Joint U.S.-Taiwanese research satellite constellation

COSMIC-2 also known as FORMOSAT-7, is the constellation of satellites for meteorology, ionosphere, climatology, and space weather research. FORMOSAT-7 is a joint US-Taiwanese project including National Space Organization (NSPO) on the Taiwanese side and the National Oceanic and Atmospheric Administration (NOAA) and the United States Air Force (USAF) on the US side. FORMOSAT-7 is the successor of FORMOSAT-3 The six satellites of the constellation were launched 25 June 2019 on a Falcon Heavy rocket. They reached their designated mission orbits in February 2021, after eighteen months of gradual orbital adjustments. Full operational capability was achieved in October 2021.
==Pre-launch==
On the morning of 14 April 2019, President Tsai Ing-wen traveled to Hsinchu City to take part in send-off activities for the Formosat-7 satellite. She commended the hard work and accomplishments of the research and development team, and hailed Formosat-7 as a milestone in promoting Taiwan's technological diplomacy, noting that she expected the satellite would display "the brilliance of Taiwan's aerospace technology on the international stage".

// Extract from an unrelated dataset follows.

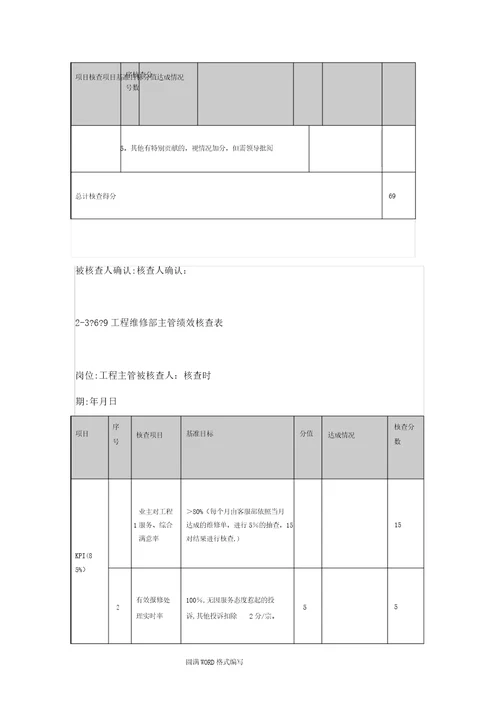 物业公司各岗位绩效考核表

On 15 April, the satellites were placed aboard a Taiwanese China Airlines cargo plane at Taoyuan International Airport. The six satellites were packed in three climate controlled transport crates. The satellites were shipped as diplomatic pouch to speed their journey through US customs, the first time a satellite had been shipped as such.

==Design==

78% of components for the satellite program were made in Taiwan. The satellites receive signals from both GPS and GLONASS. The constellation collects more than 4,000 pieces of data a day.

===Radio-Occultation Payload===
The primary payload for the COSMIC-2 satellites is the Radio Occultation instrument.

This instrument is capable of measuring atmospheric effects by analyzing the propagation of GNSS signals through said atmosphere.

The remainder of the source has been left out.